*Instructions to follow*. Print the listing below a second time, exactly, and omit its images.
>>>
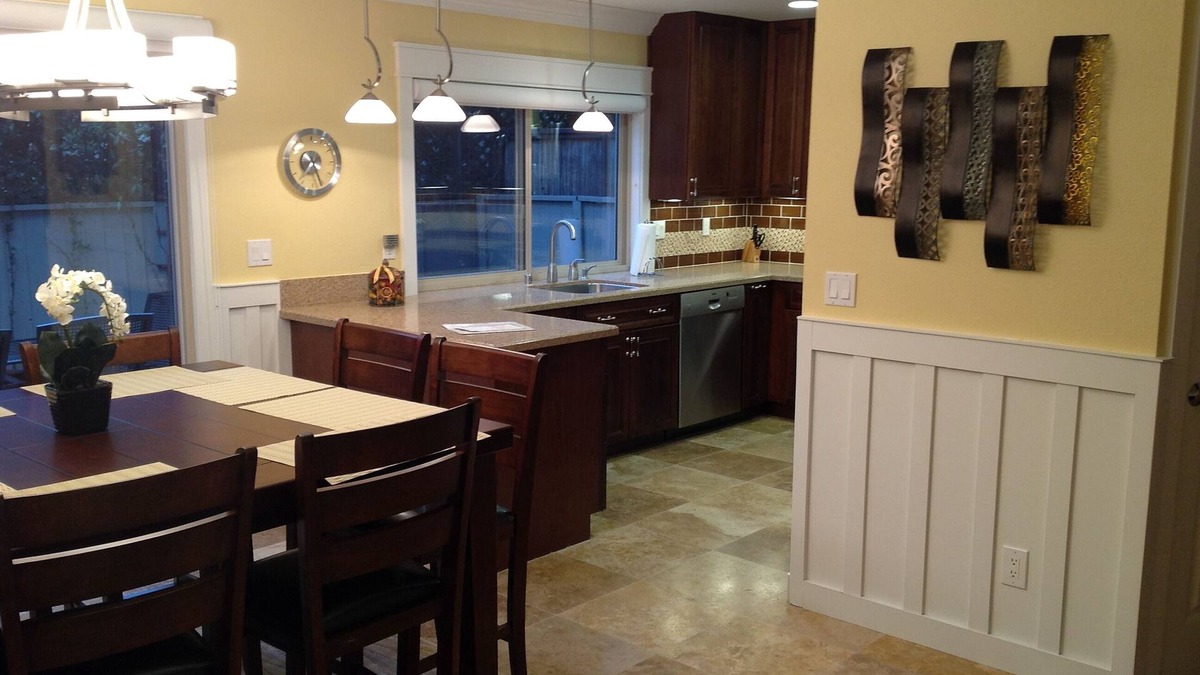 Solana Beach House | Fun N' Sun Condo at Del Mar Beach Club - FULL HOUSE AC and HEATING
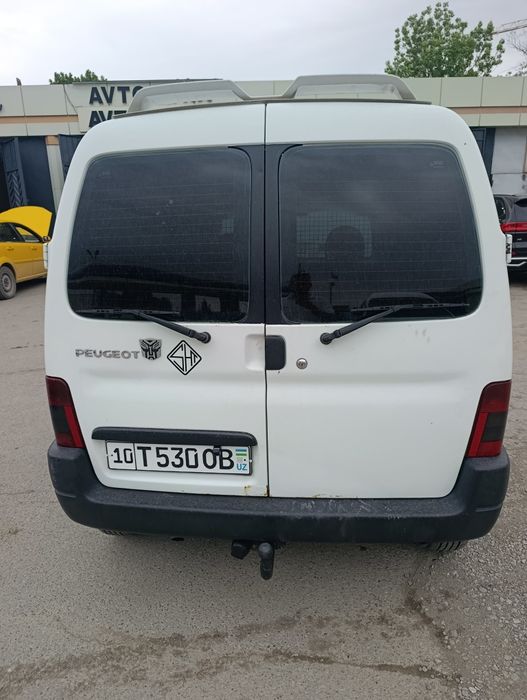 Продам автомобиль Пежо партнёр 2003 года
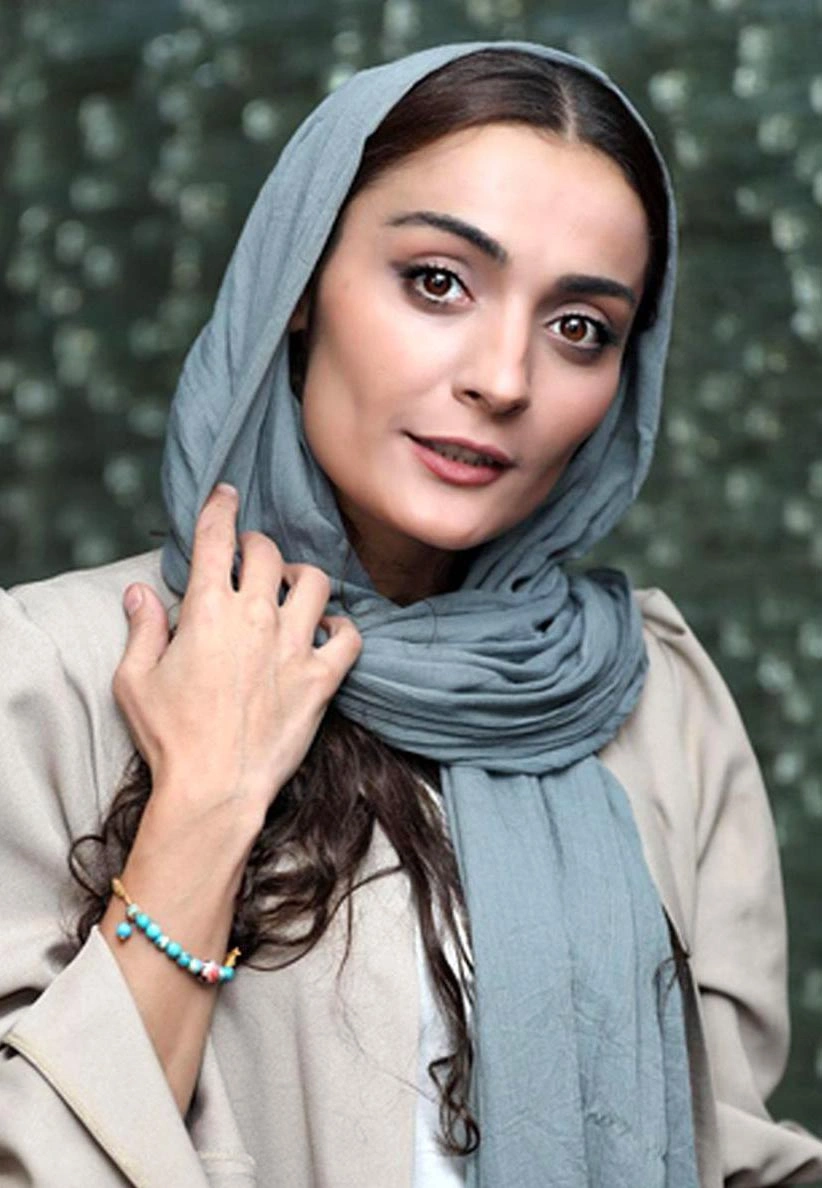 السا فیروزآذر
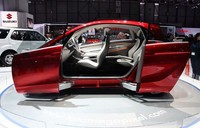 Desain tubuh mobil ini memperlihatkan bahasa desain yang akan Tata Motors gunakan di masa depan dengan pintu geser di setiap sisinya untuk meningkatkan akses ke kabin. (Dok Geneva Motor Show).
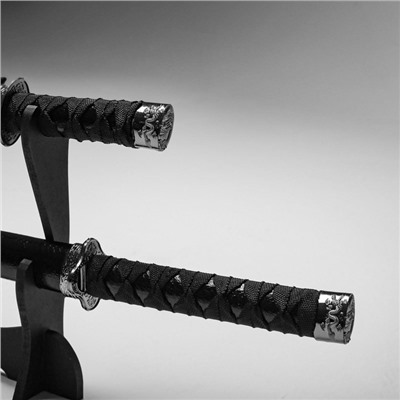 Макет оружия «Сувенирные катаны на подставке 2в1. Змей», подарочный набор, ножны кожзам, 47 см; 70 см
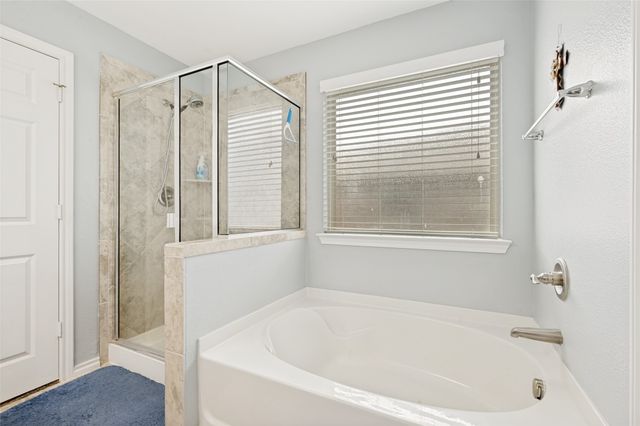 3905 Bridle Path Lane, Sanger, TX 76266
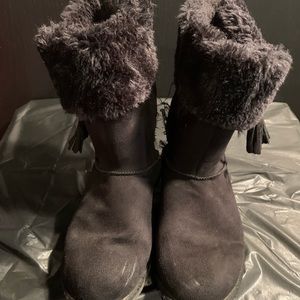 Black winter boots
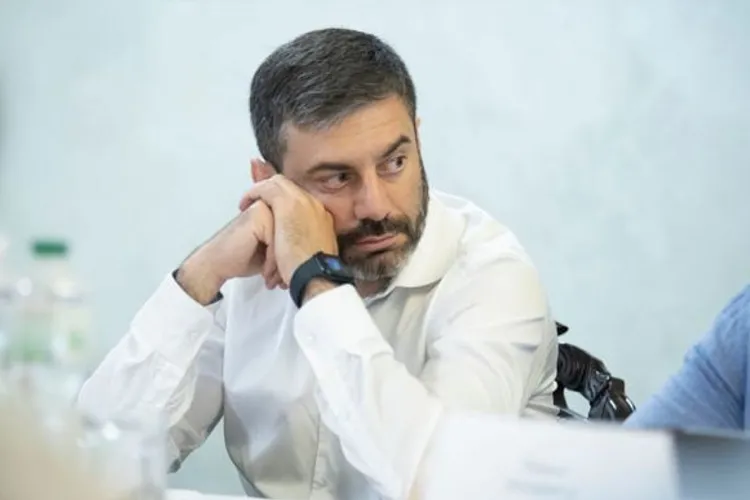Ucrainenii din teritoriile ocupate, sfătuiți de autoritățile de la Kiev să accepte pașapoartele rusești pentru a supraviețui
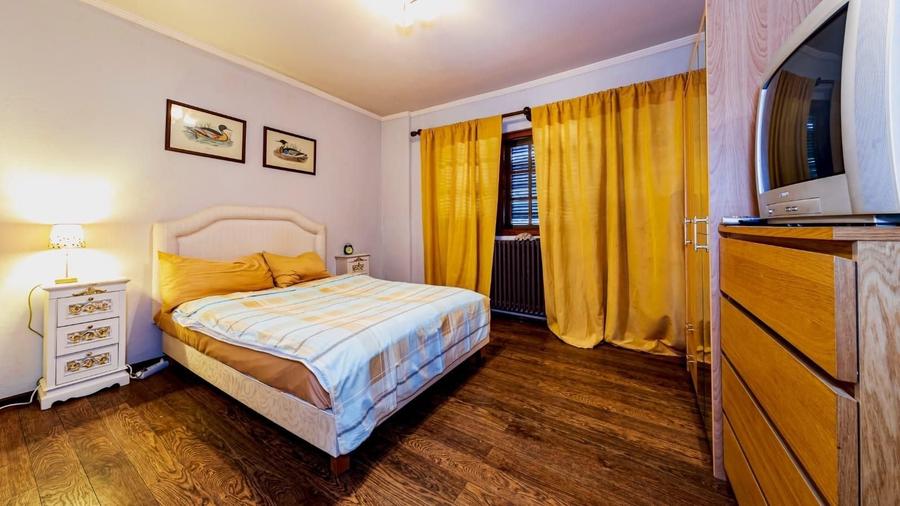 Casă individuală cu 8 camere cu Piscina în Ghermănești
<<<
*Response*.
 Solana Beach House | Fun N' Sun Condo at Del Mar Beach Club - FULL HOUSE AC and HEATING
 Продам автомобиль Пежо партнёр 2003 года
 السا فیروزآذر
 Desain tubuh mobil ini memperlihatkan bahasa desain yang akan Tata Motors gunakan di masa depan dengan pintu geser di setiap sisinya untuk meningkatkan akses ke kabin. (Dok Geneva Motor Show).
 Макет оружия «Сувенирные катаны на подставке 2в1. Змей», подарочный набор, ножны кожзам, 47 см; 70 см
 3905 Bridle Path Lane, Sanger, TX 76266
 Black winter boots
Ucrainenii din teritoriile ocupate, sfătuiți de autoritățile de la Kiev să accepte pașapoartele rusești pentru a supraviețui
 Casă individuală cu 8 camere cu Piscina în Ghermănești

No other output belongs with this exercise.